- Operated: 1981–present
- Location: 600 Corvette Drive; Bowling Green, Kentucky;
- Coordinates: 37°00′41″N 86°22′00″W﻿ / ﻿37.01139°N 86.36661°W
- Industry: Automotive
- Products: Automobiles
- Employees: 1,422 (2022)
- Area: 212 acres (0.86 km^{2})
- Volume: 1,700,000 sq ft (160,000 m^{2})
- Owner: General Motors
- Website: www.gm.com/company/us-operations

= Bowling Green Assembly Plant =

General Motors automobile factory in Bowling Green, Kentucky

Bowling Green Assembly is an automotive assembly plant in Bowling Green, Kentucky, United States, owned and operated by General Motors. The specialized plant has assembled the Chevrolet Corvette sports car since its opening in 1981. As of 2022, GM employed approximately 1,100 people at the plant, and by 2023, the plant had produced approximately 1.1 million Corvettes.

== History ==
The first 300 Corvettes were hand built at a plant in Flint, Michigan in 1953. Production was moved the next year to a facility in St. Louis, Missouri and then finally ended up in 1981 at the Bowling Green Assembly Plant. General Motors opened the Bowling Green plant for production on June 1 that year, with most of the 900 Corvette workers from St. Louis transferring to the new plant. What was once an abandoned Chrysler industrial air-conditioning unit factory is now a 1.7 million square foot facility that employs almost one thousand people. The factory was built by the Chrysler Airtemp Division as the area provided the potential for skilled workers due to the high quality vocational training. In 1968, when plans for the factory were announced, Charles B. Gorey Jr., the vice president of the Chrysler Airtemp Division, announced that "production will require workers skilled in machine trades and most employees will be men." After the factory was acquired from Chrysler, General Motors spent an estimated $130 million to refurbish the factory and install its own assembly line. Guided tours of the plant are available throughout the year on weekdays, three times a day.

On December 11, 2021, an EF3 tornado damaged the roof and an entrance to the plant, briefly halting production. No employees were injured.

==Workers==
As of 2022, GM employed approximately 1,100 people in Bowling Green. The plant's workers are unionized, belonging to the United Auto Workers Local 2164.

==Investments==
Many large investments have been made to keep the plant as updated and cutting edge as possible. As the Corvette improves throughout the years, the technology to create it has to be revamped as well.

| 2017 | $500 million for the retooling of the general assembly line, paint booths, and robotic inventory system |
| 2014/2013 | $3.5 million for the relocation of the Performance Build Center to Bowling Green |
| 2013/2012 | $131 million for the plant remodel to make way for the C7 changeover, with $52 million for the Body Shop |
| 2007 | $4.5 million for conveyor addition and remodel |
| 2005 | $12 million for ELPO paint system |
| 2005 | $5 million in ANDON global error proofing |
| 2005/2004 | $19 million for C6 model changeover |
| 2005/2004 | $3 million for paint sludge system/ air balancing |
| 1996 | When production of the C4 Corvette ended in 1996, the plant was gutted and rebuilt to prepare for the more modern C5 Corvette. |

===Performance Build Center===
The performance build center allows engine aficionados to build their own specialty engines. With the relocation of the performance build center from Michigan to Bowling Green, it allows customers to be able to build and watch the production of their car now all in one location. The opening of this center in Bowling Green is adding 20 new or relocated jobs to the community as well.
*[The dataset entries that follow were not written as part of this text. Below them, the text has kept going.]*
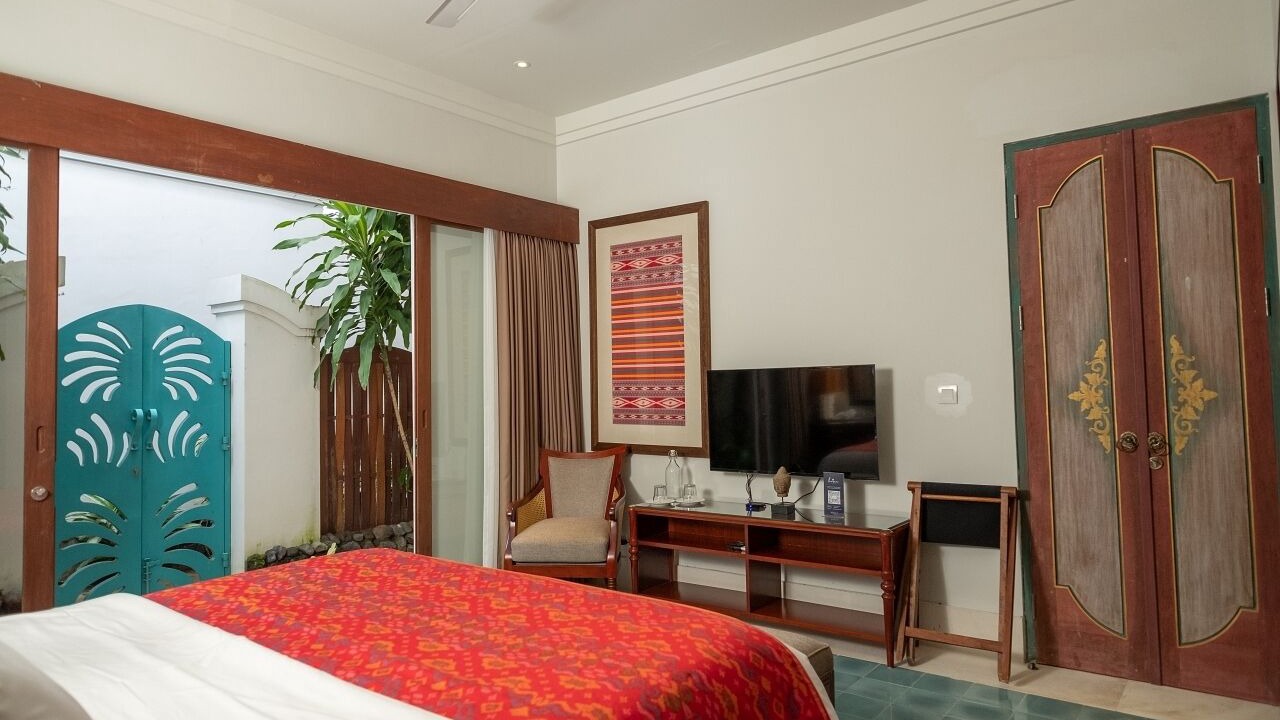 Photo of Bedroom in Denpasar Timur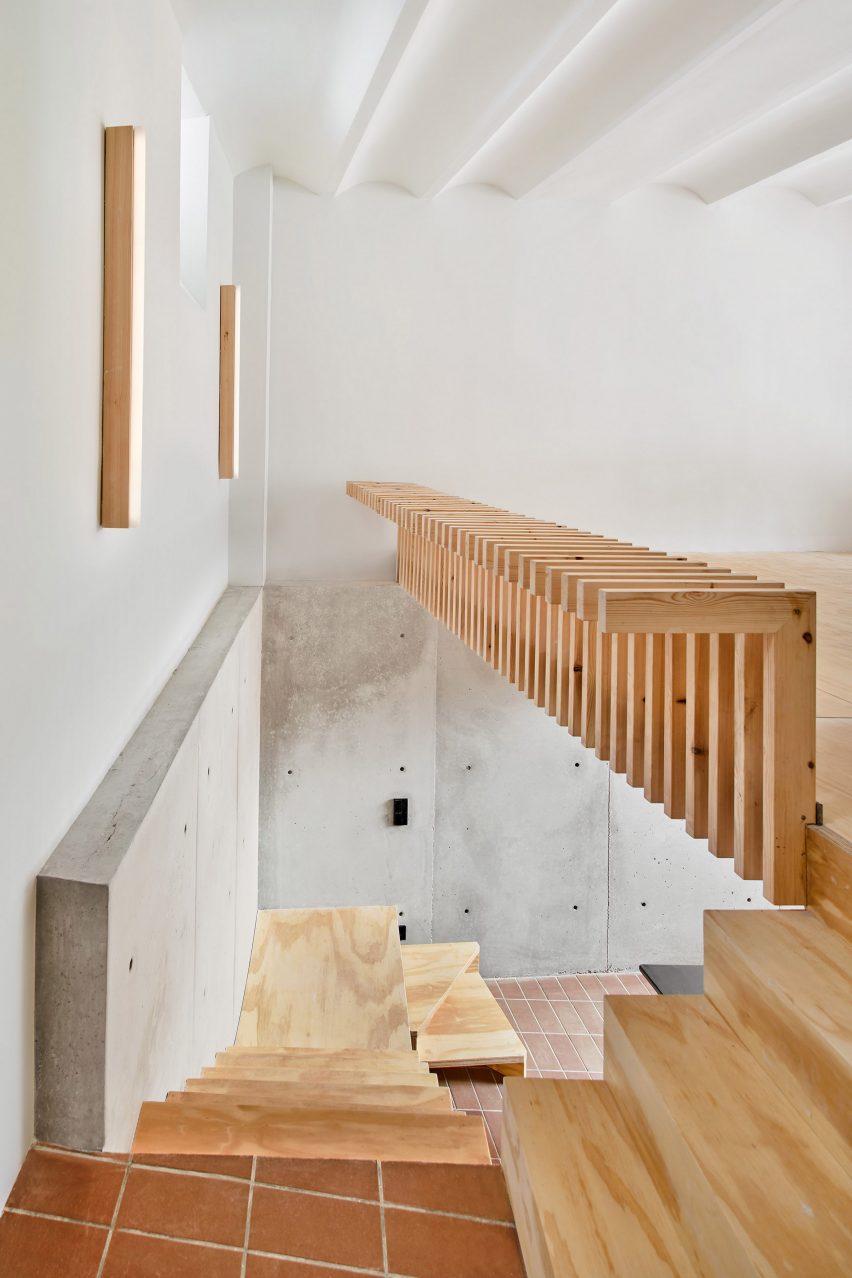 Yurikago House by Mas-aqui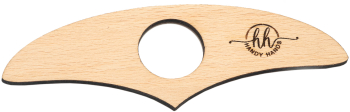 Suport de Carte pentru citit din lemn HH959 Personalizat 16x5.3 cm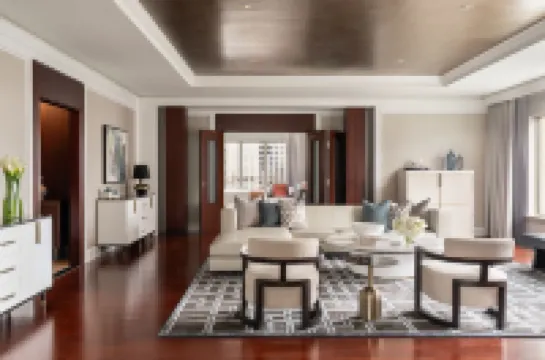 The Ritz-Carlton, Dallas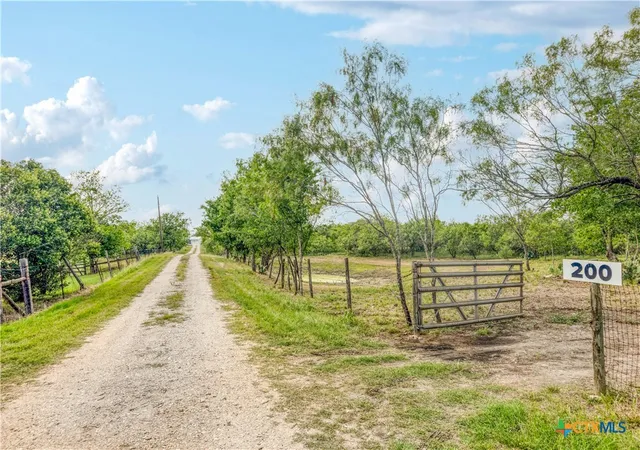 1st image of 200 Armstrong Rd, Lockhart, TX 78644 | MLS# 584073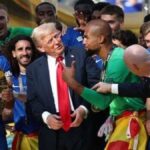 كوكوريلا يعترف: كنت خائفاً من ترمب!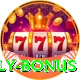 Ybets Gold - Daily Bonus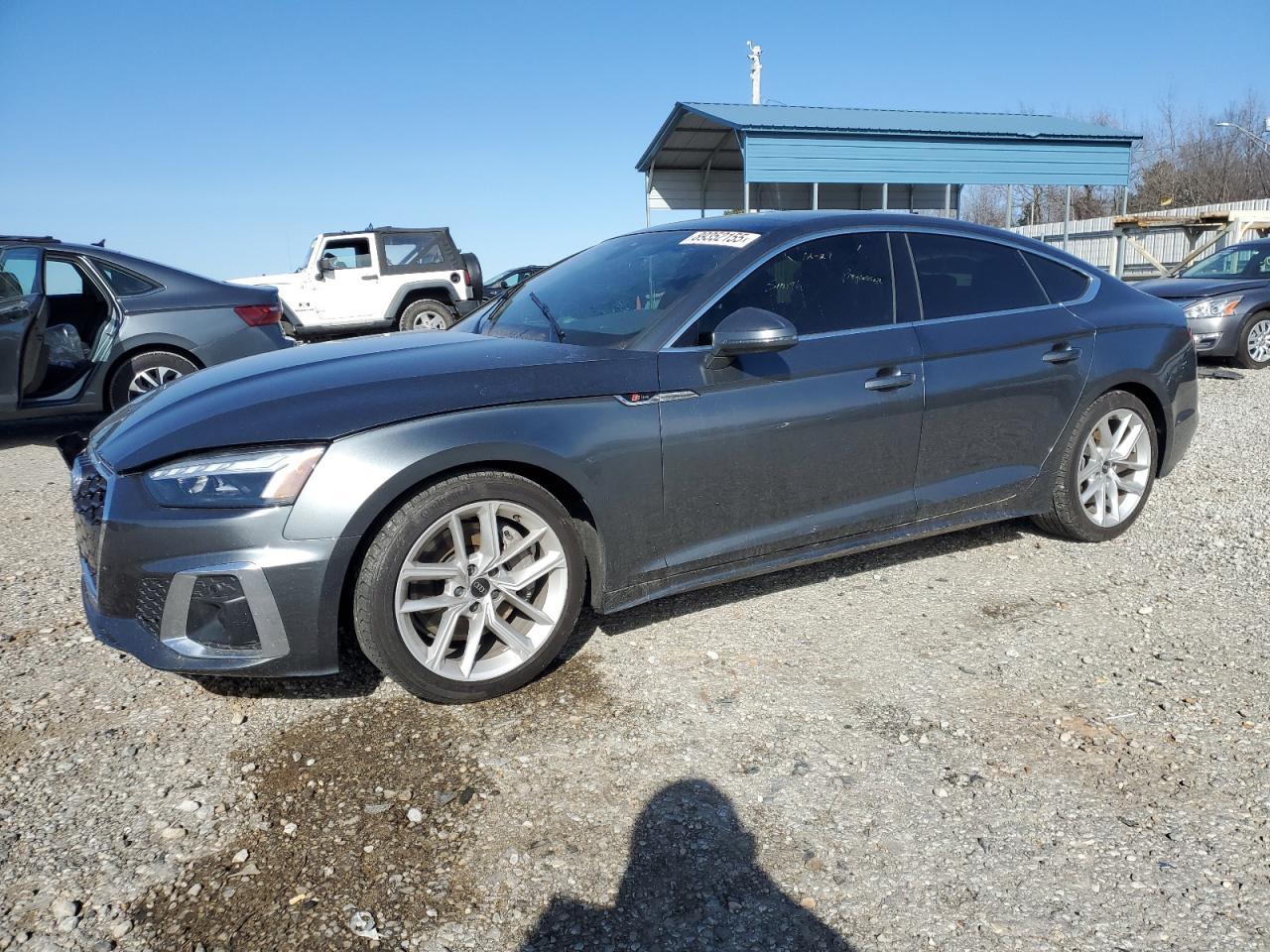 2023 AUDI A5 PREMIUM
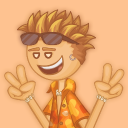 avatar 🍍 Cₕᵤcₖ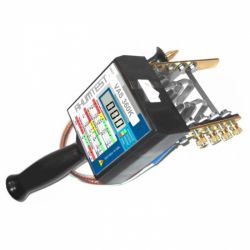 - Pomiar akumulatora na klemach czy w gniazdku zapalniczki?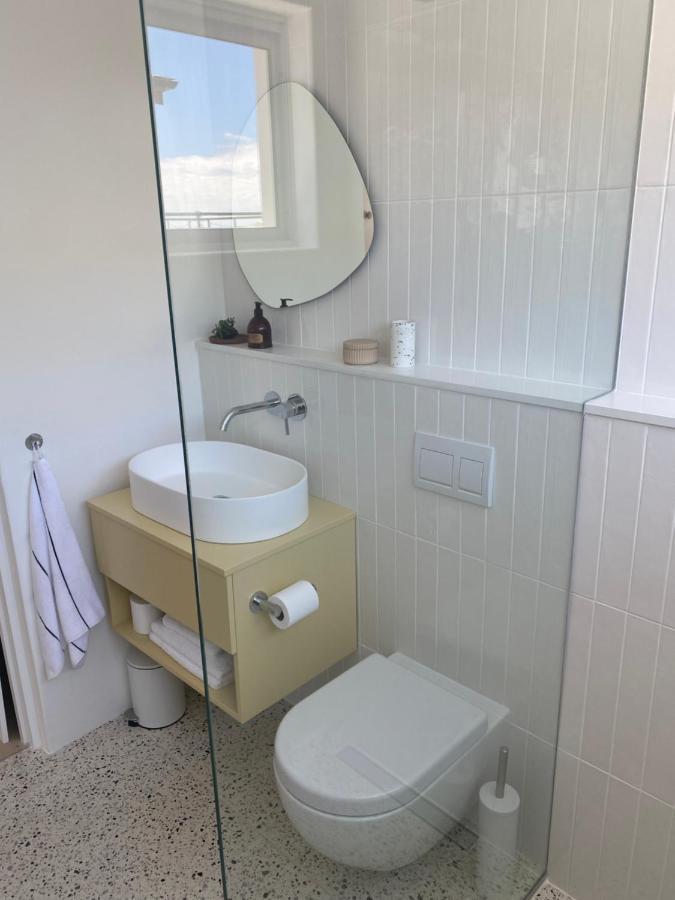 Splash Boutique Guesthouse Кейптаун Екстериор снимка
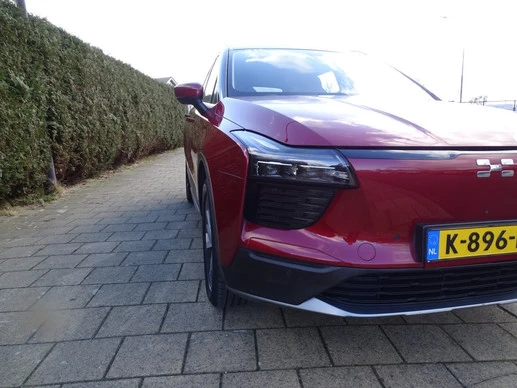 Aiways U5 - Afbeelding 5 van 16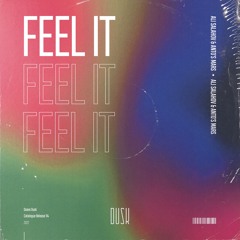 Ali Salahov & Anto's Mars - Feel It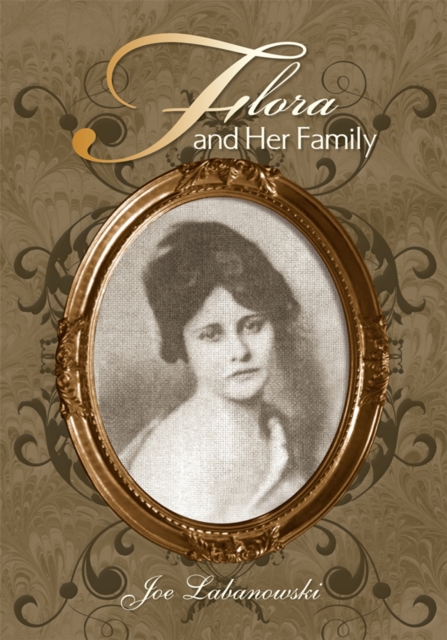 Flora and Her Family, EPUB eBook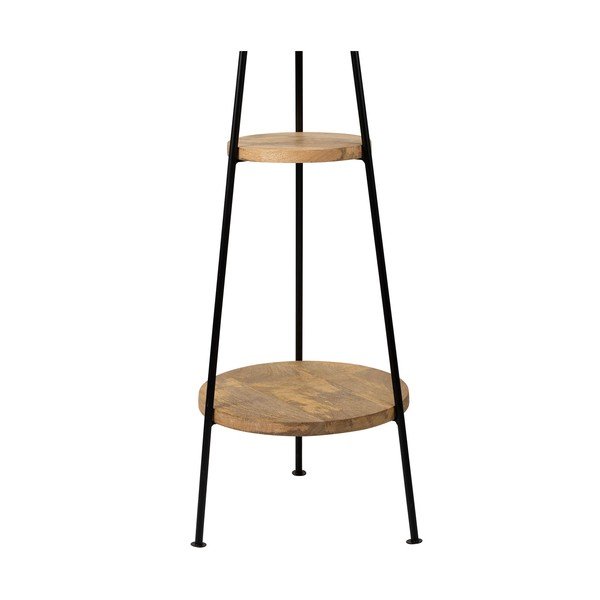 Lampadar negru (înălțime 150 cm) Ardecor – Sema-image-4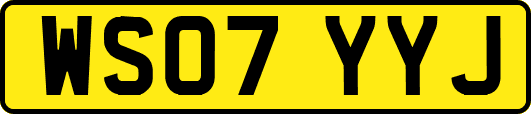 WS07YYJ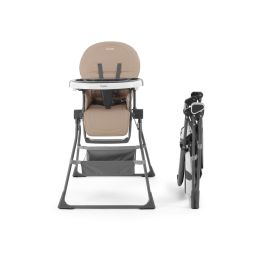 Oyster Highchair Mink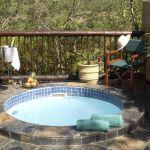 Mkuze Falls Game Lodge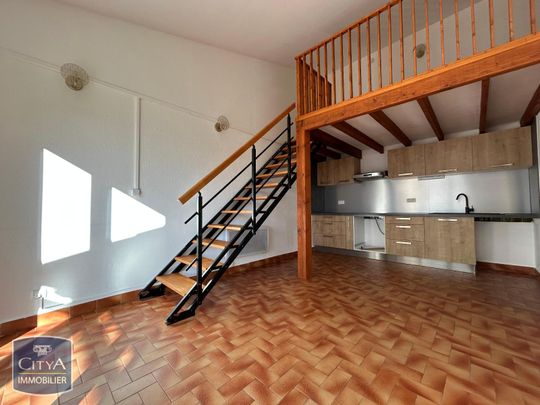 Location Appartement 2 pièces 35m² PORT LA NOUVELLE 11210 - Photo 1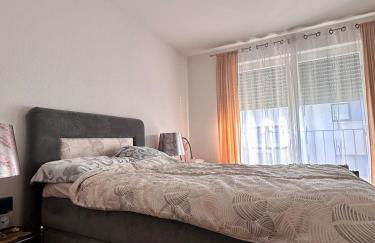 Bright city apartment with a terrace - Foto 14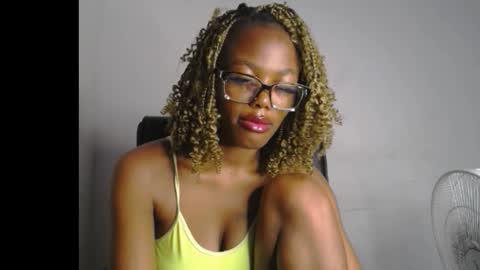 Darkskinned Rae online show from February 18, 2026, 7:15 am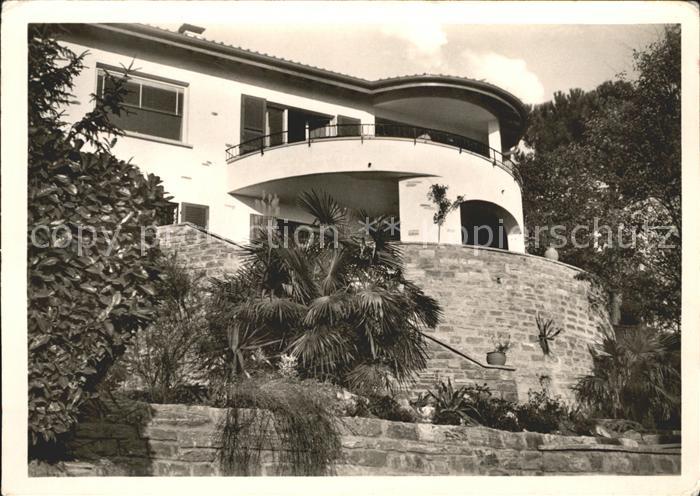 Orselina TI Montepace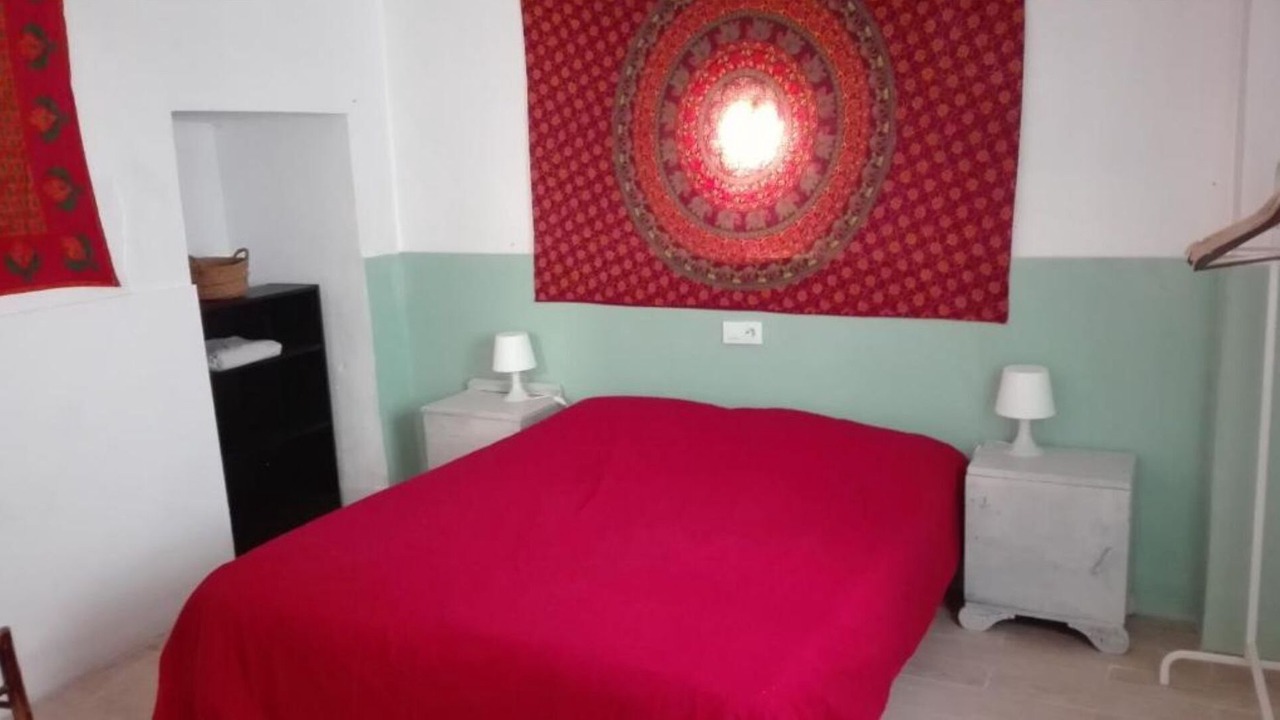 Photo of Bedroom in Quesada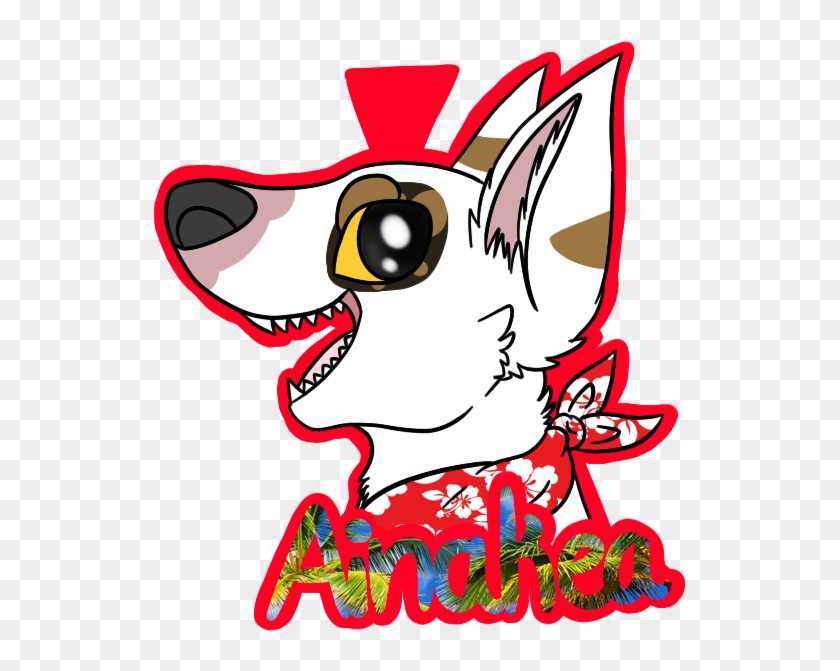Aloha My Brudduh - Cartoon #1728925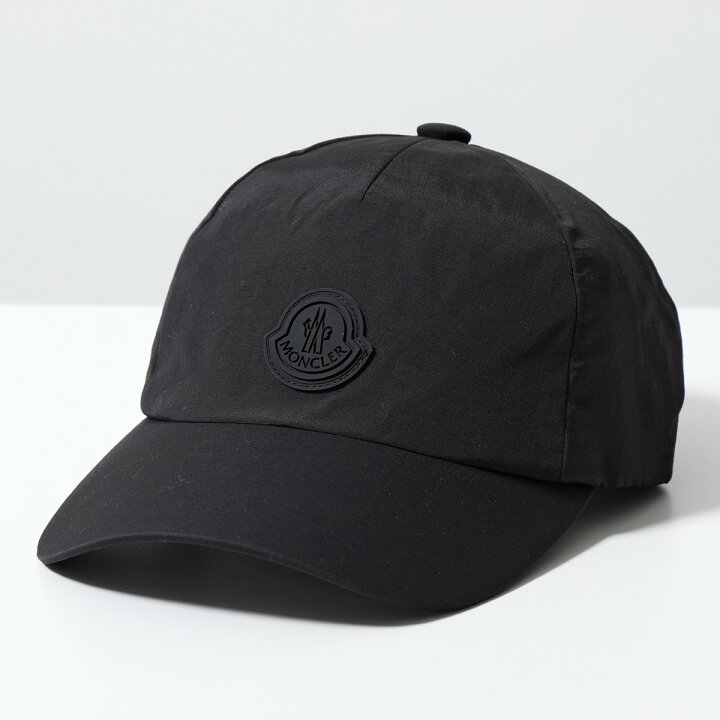 楽天市場】MONCLER Matt Black モンクレール マットブラック ベース  
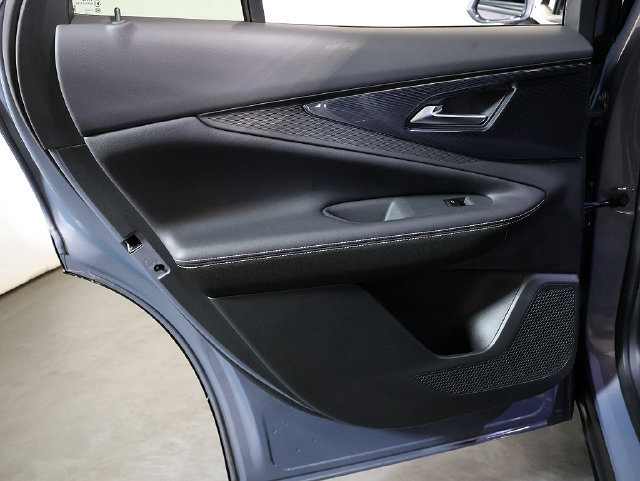 Used 2025 Chevrolet Blazer EV LT FWD image 26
The center is the source of all the hand assembled dry sump engines. These would be the 6.2L LS3 V8 engine of the grand sport coupe (manual transmission only), the 7.0L LS7 V8 Z06 engine, and the 6.2L supercharged LS9 engine for the ZR1.

===Body shop===
The new body shop now allows the aluminum frame to be produced in-house. The new shop also was designed to have the advancements to make the most complex frame design in Corvette's history. This new frame is 99 pounds lighter and 40% stiffer than the C6 frame. With the chassis being so strong, the C7 convertible will not need any additional structural reinforcements to the frame which is very rare.

==Community involvement==
Features a wildlife habitat that is spread across 75 acres. The space also features a 42,000 pounds of ground-up ergonomic mats recycled from the plant for a picnic area. The land also features sunflowers that were planted by students and blue bird boxes that were made and installed by a local Boy Scout troop. The plant employs an environmental team that chooses appropriate plant species for the grounds.

==Vehicles produced==
As of June, 2025:
- Chevrolet Corvette Stingray
- Chevrolet Corvette Z06
- Chevrolet Corvette E-Ray
- Chevrolet Corvette ZR1

==See also==
- National Corvette Museum — also in Bowling Green.